• Task inputs:
****

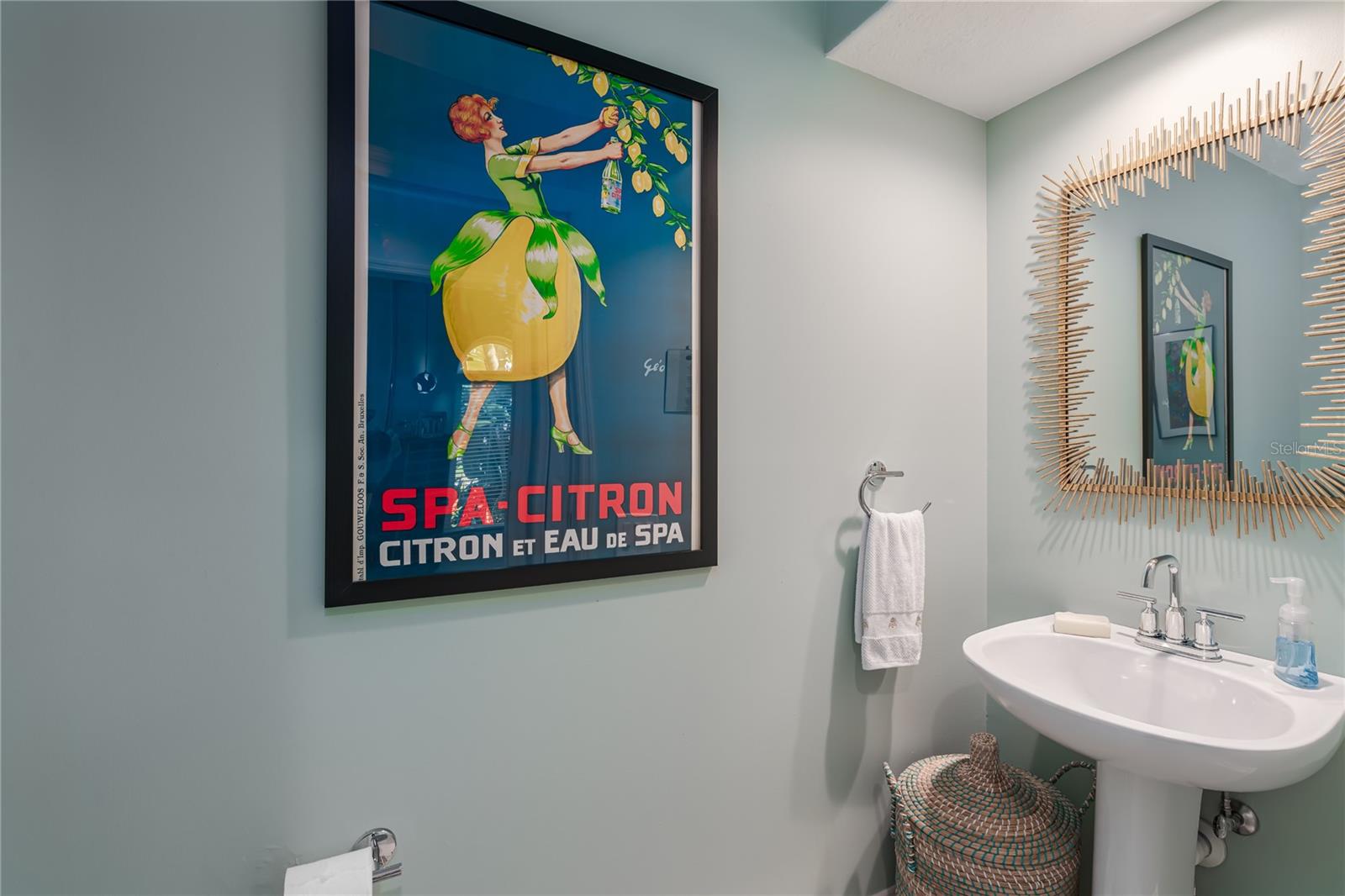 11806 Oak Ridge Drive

****

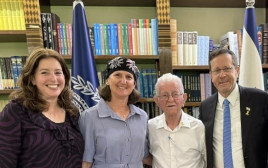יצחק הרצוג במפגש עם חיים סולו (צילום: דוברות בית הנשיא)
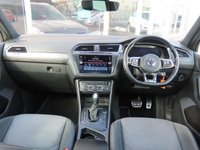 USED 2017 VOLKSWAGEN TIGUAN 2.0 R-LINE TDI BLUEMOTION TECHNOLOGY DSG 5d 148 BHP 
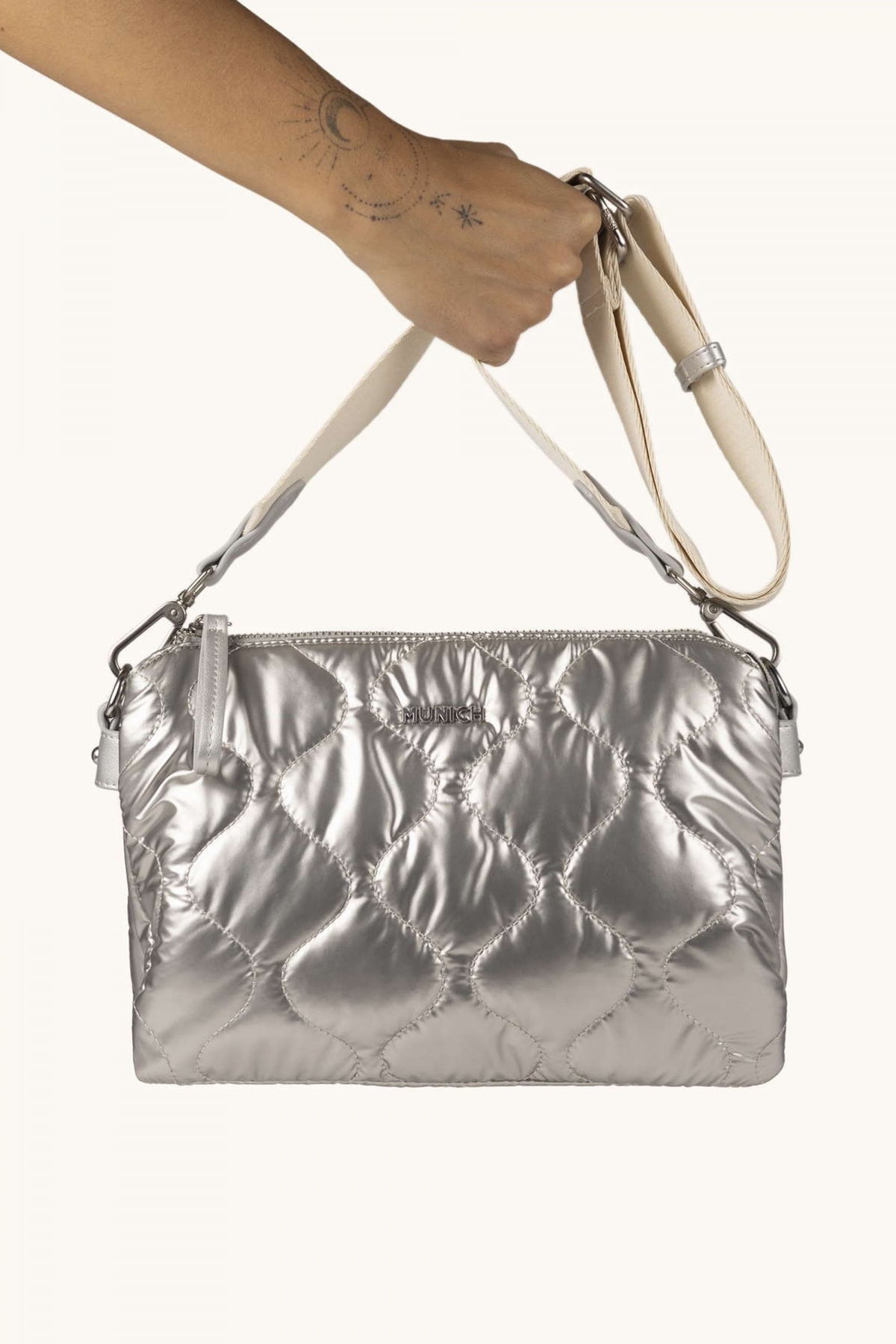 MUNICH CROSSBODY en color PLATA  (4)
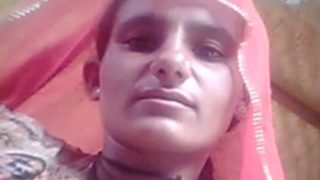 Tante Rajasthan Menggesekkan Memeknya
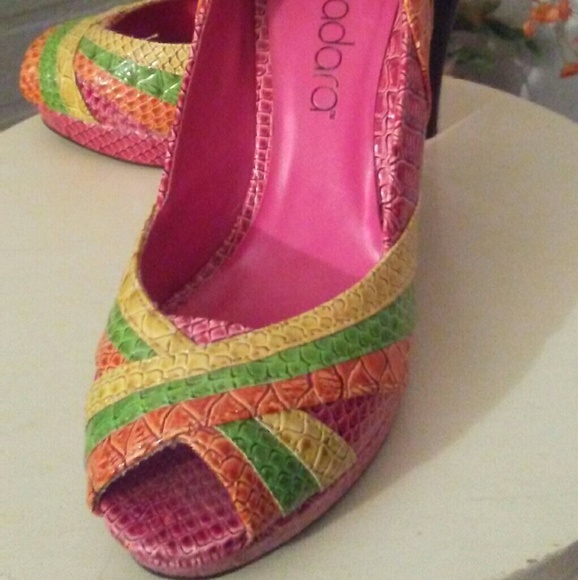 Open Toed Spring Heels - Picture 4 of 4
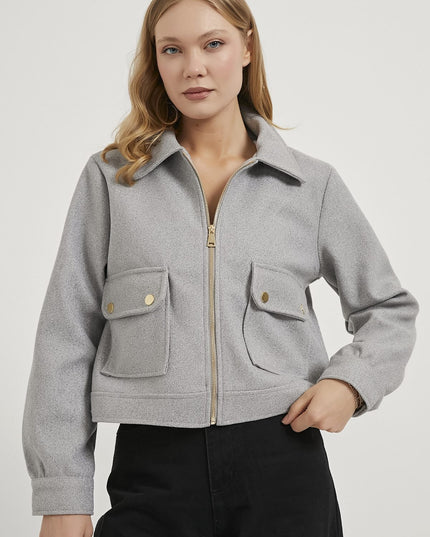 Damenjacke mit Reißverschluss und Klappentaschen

****

• Problem description:
When you reach the line with "יצחק הרצוג במפגש" in the records above, start writing out each line exactly, and stop after the line with "Damenjacke mit Reißverschluss". Pictures stay out.

• Your response:
יצחק הרצוג במפגש עם חיים סולו (צילום: דוברות בית הנשיא)
 USED 2017 VOLKSWAGEN TIGUAN 2.0 R-LINE TDI BLUEMOTION TECHNOLOGY DSG 5d 148 BHP 
 MUNICH CROSSBODY en color PLATA  (4)
 Tante Rajasthan Menggesekkan Memeknya
 Open Toed Spring Heels - Picture 4 of 4
 Damenjacke mit Reißverschluss und Klappentaschen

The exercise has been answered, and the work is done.